« Après 70 ans, l'assurance-vie ne sert plus à rien. » Cette idée reçue prive chaque année de nombreux épargnants ardéchois d'une transmission optimisée. La réalité est plus nuancée : le cap des 70 ans change la fiscalité applicable, mais l'assurance-vie reste un outil de transmission redoutablement efficace. Voici comment fonctionnent réellement les deux régimes en 2026, et comment en tirer parti.
Deux régimes fiscaux selon l'âge au moment des versements
La fiscalité de l'assurance-vie au décès ne dépend pas de l'âge auquel le contrat a été ouvert, mais de l'âge de l'assuré au moment de chaque versement. C'est une distinction capitale, trop souvent ignorée.
Le Code général des impôts distingue ainsi deux situations : les primes versées avant 70 ans (article 990 I) et celles versées après 70 ans (article 757 B). Un même contrat peut donc relever des deux régimes si l'épargnant a continué d'alimenter son assurance-vie après son anniversaire.
La règle d'or à retenir
Ce qui compte, c'est la date de versement de la prime, pas la date d'ouverture du contrat. Un contrat ouvert à 50 ans mais alimenté à 72 ans verra ces nouveaux versements soumis au régime des plus de 70 ans.
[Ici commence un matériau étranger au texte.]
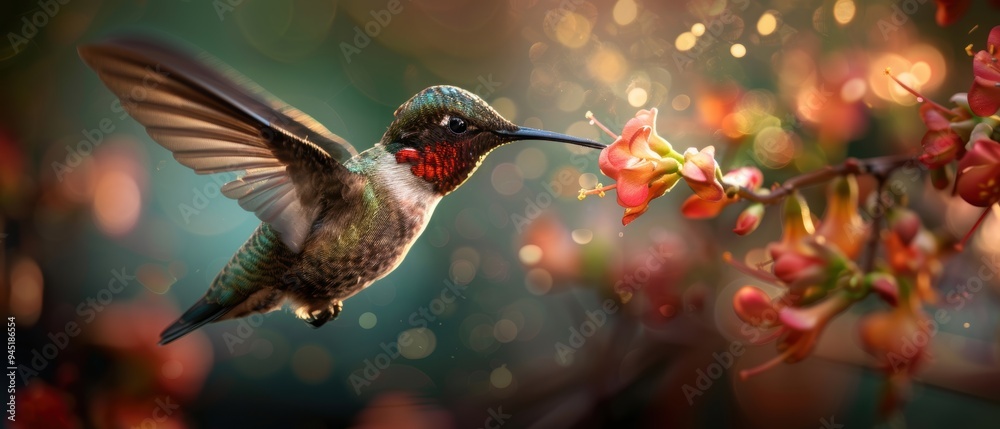 Fototapeta premium Graceful Hummingbird Hovering by Vibrant Flower in Garden Oasis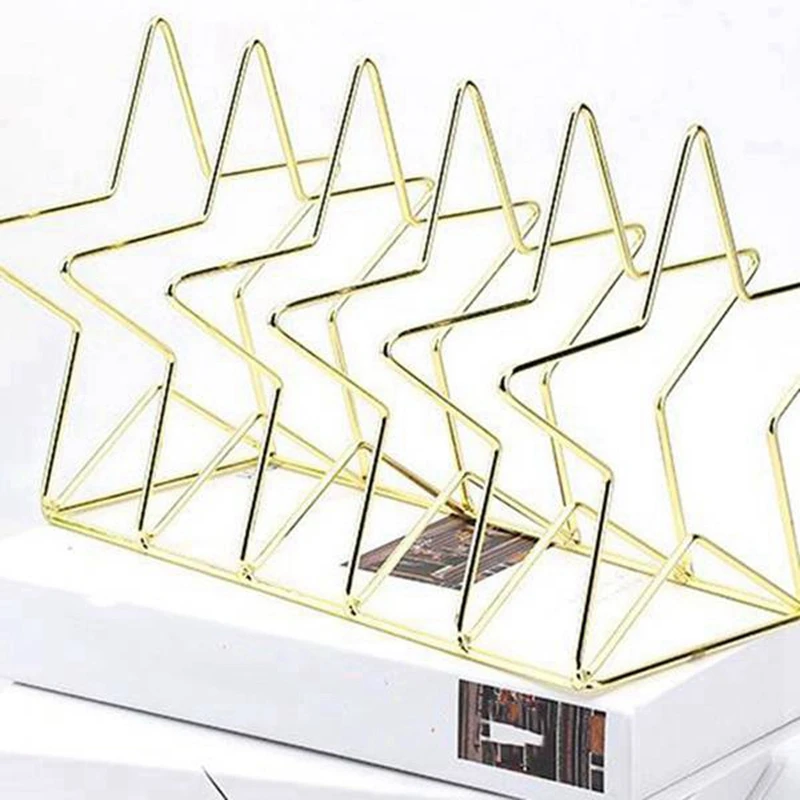 Pentagram Metal Bookend Creative Star Book Standing Document File Desktop Manager ชั้นวางหนังสือ Stand Gold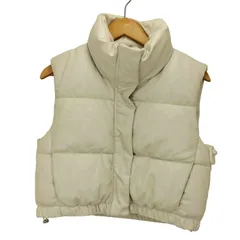 ザラ ZARA 23AW クロップド ラバー フィニッシュ フェイクレザー 中綿 ベスト レディース import：S 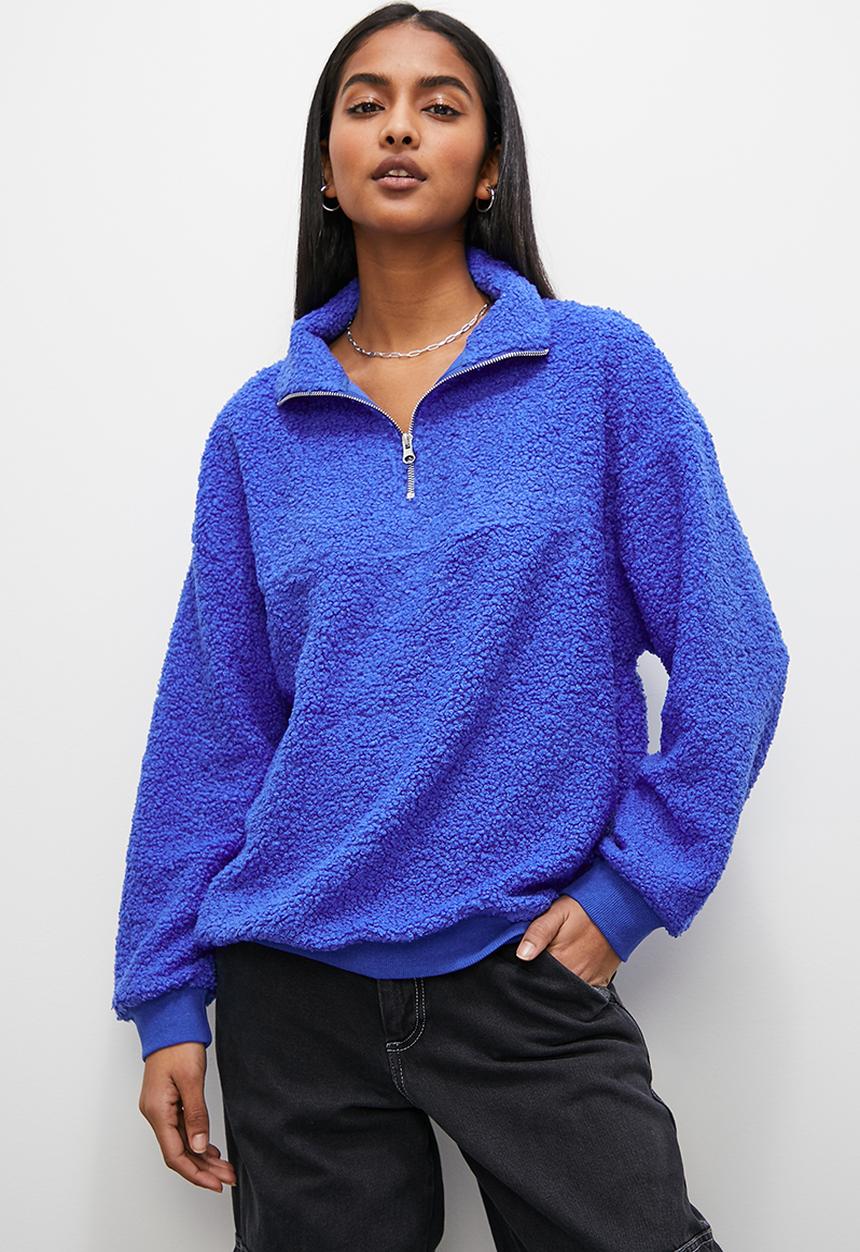 Superbalist - Half zip teddy sweat - cobalt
Avant 70 ans : l'abattement de 152 500 € par bénéficiaire
Les primes versées avant le 70e anniversaire bénéficient du régime le plus favorable, prévu par l'article 990 I du CGI :
152 500 € exonérés
Chaque bénéficiaire désigné profite d'un abattement de 152 500 €, tous contrats confondus, sur les capitaux décès.
20 % puis 31,25 %
Au-delà de l'abattement, un prélèvement de 20 % s'applique, porté à 31,25 % pour la fraction dépassant 700 000 € par bénéficiaire.
Hors succession
Ces capitaux sont en principe transmis hors succession : un atout majeur pour avantager un proche, un partenaire de PACS ou un tiers.
Concrètement, un parent peut transmettre 152 500 € à chacun de ses enfants en totale franchise de droits, en plus des abattements classiques sur les donations parent-enfant. C'est l'un des piliers d'une stratégie patrimoniale bien construite.
Après 70 ans : l'abattement global de 30 500 € (et un atout méconnu)
Pour les primes versées après 70 ans, l'article 757 B prévoit un régime différent, souvent jugé moins avantageux à tort :
Pensez à dédier un contrat
Une bonne pratique consiste à ouvrir un contrat distinct pour les versements effectués après 70 ans. Cela facilite le suivi comptable des primes par l'assureur et le notaire, et évite les confusions entre les deux régimes au moment du décès.
La clause bénéficiaire : la pièce maîtresse
Quel que soit l'âge des versements, la clause bénéficiaire conditionne toute la transmission. Une clause mal rédigée peut anéantir des années d'optimisation. Quelques principes :
1. Nommer précisément les bénéficiaires
Une clause type (« mon conjoint, à défaut mes enfants, à défaut mes héritiers ») convient à beaucoup de situations, mais elle mérite d'être adaptée aux familles recomposées ou aux volontés particulières.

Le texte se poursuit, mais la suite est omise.